I started writing poetry in the ninth grade, moon-eyed in loved with a young lady a year or so younger. I had shown it to my speech teacher. She had encouraged my to keep writing–and so I did–but switched in college to science and technical writing. In highschool several of my poems were published in our school’s literary publication, Panther’s Tails. The science/technical writing however, was a kiss of death for my poetry writing. Over the years I had tried several times to revisit writing poetry but had not been happy with the results, so would drop it. However, the other day after one of my shamanic journeys, which I have started doing again after almost 16 year absence, I gave it a try. In terms of creative art, I’ve tried music: piano for two years from age 7-9, trumpet in junior high, again, for two years, and, about three years ago, I tried taking up banjo and harmonica. No good. Playing musical instruments is just not my thing. Hence, resurrecting my poetry writing. Afterall, I’m writing it just for myself, painting word-pictures with it. That said, maybe I’ll publish an edited version of my first try in a later post. I was actually pleased with it. Needs a lot of editing, but still, I like the way it flowed and came together.

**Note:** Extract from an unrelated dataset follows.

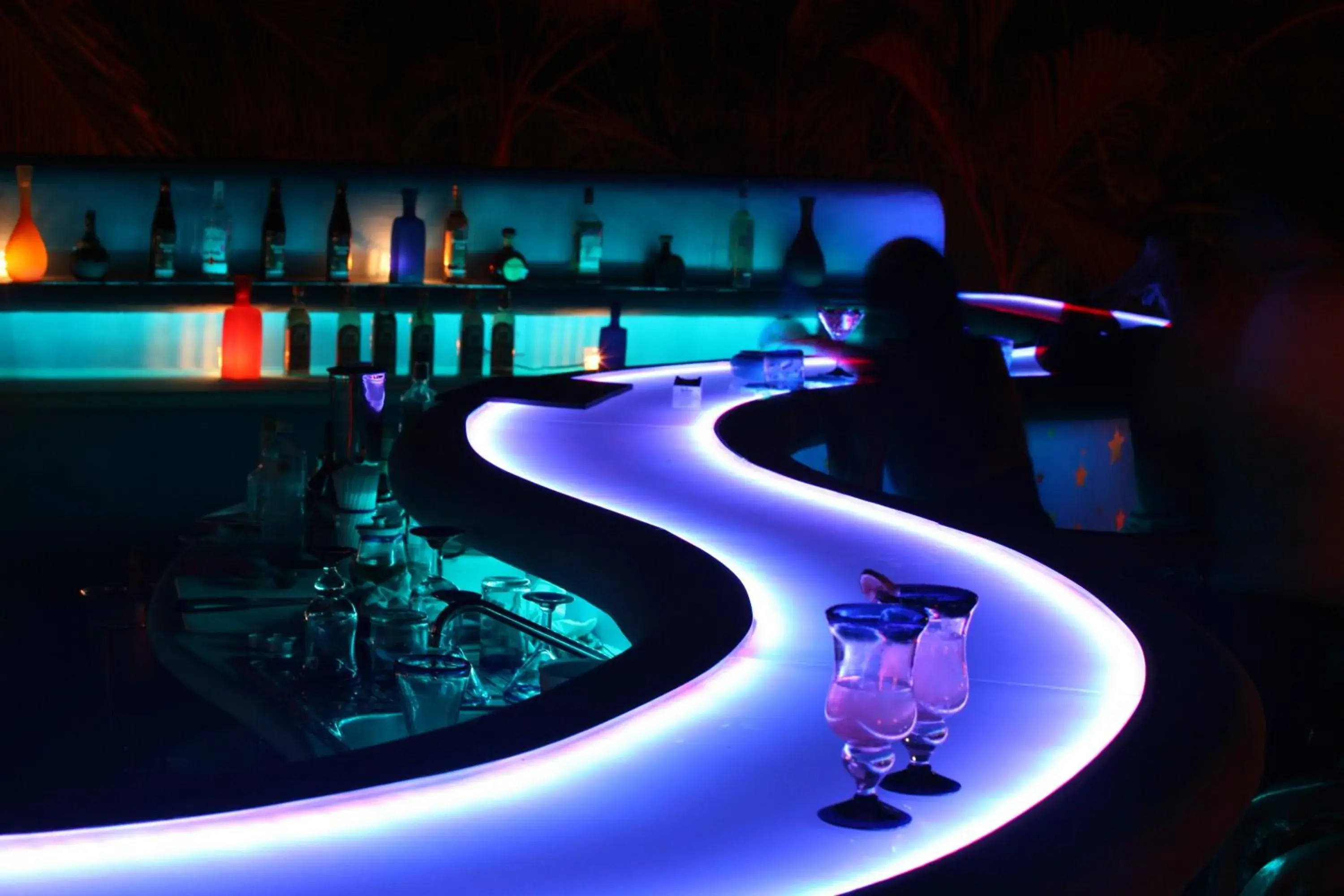 Lounge or bar in Las Alamandas Lounge or bar in Las Alamandas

Now to the culturally disonate topic: neo-shamanism…
June 2, 2022, was my one-year anniversary of my “bicycling-it only” experiment. I had sold my truck on June 2, 2021, and had been getting around only on my bicycle. On Friday (5/26), I went and bought myself another Harley, a 2017 Heritage Softail Classic, my favorite model of Harleys. Enough was enough of this bicycling-it only shit!
I found trying to do only bicycling around here in rural South Carolina, very restrictive, limiting, inconvenient, and dangerous. The latter, I knew going into the experiment. Around SC very few of the roads have shoulders to ride on. Around town here in Liberty, the bicycle was just fine, and I plan to keep doing that. Most of what I need is within a one mile radius of where I live, that’s probably 90% of my going, at least over the last year. However, as soon as I wanted to go further, to one of the other cities around here say, that was a different story. Too many hills, too dangerous on narrow, two-lane roads with no shoulders and often, a good amount of traffic. All of these cities are ten or so miles away–or further, which took lot of energy, effort and time to go to any of these.
Throw into this mix the COVID pandemic with its social isolation and my being pretty much a hermit and single at this stage of my life, I found myself severely restricted on what and where I could go, often requiring finding a ride or borrowing one of my kids cars. Because of these restrictions and obstacles, I had found loneliness becoming more and more an issue.
Woven into this story was my Texas Desert Bike tour, returning back here May 1. The month of May has been largely spent getting my head back together after that tour: all the training, effort, and preparation, and finally the actual doing. On that trip I had decided I was tired of only bicycling it, the isolation, and growing loneliness. This is where the Harley comes into the story/equation.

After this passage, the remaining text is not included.